- Year: 1508–1510
- Medium: oil paint, canvas
- Dimensions: 56.3 cm (22.2 in) × 41 cm (16 in)
- Location: National Gallery of Art
- Collection: Samuel H. Kress Collection

= Barrymore Madonna =

Painting by Antonio da Correggio

The Barrymore Madonna is a 1508-1510 painting by the Italian Renaissance artist Antonio da Correggio.

== History ==
It has been known since the 18th century, when it was probably in the collection of John Smith Barry (grandfather of Arthur Smith-Barry, 1st Baron Barrymore) at Marbury Hall near Northwich in Cheshire, UK. His heirs auctioned it at Sotheby's in London on 21 June 1933 as a work by Mantegna, by whom the young Correggio was strongly influenced. At that auction, it was bought by the Duveen Brothers, who then sold it in March 1937 to Samuel Henry Kress, who gave it to the new National Gallery of Art in Washington, where it now hangs.
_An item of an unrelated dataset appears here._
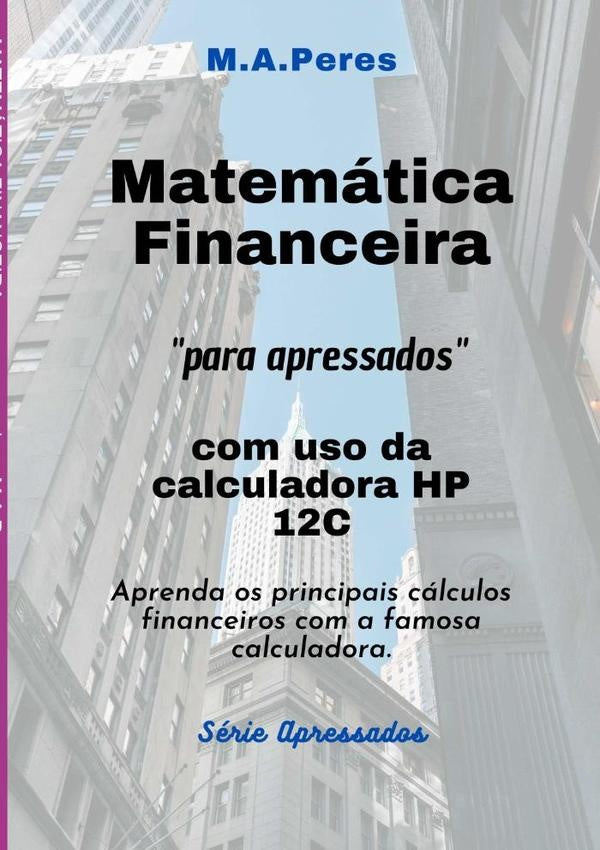 Matemática Financeira Para Apressados | M.a.peres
It was reattributed to Correggio by Corrado Ricci in 1930 and that attribution was accepted by Roberto Longhi in 1958 and Arturo Carlo Quintavalle in 1970. However, Cecil Gould disagreed in 1976, quoting the inventories of the Kress collection in 1959, which still held it to be by Mantegna, and in 1968, which held it to be "circle of Mantegna, possibly Correggio".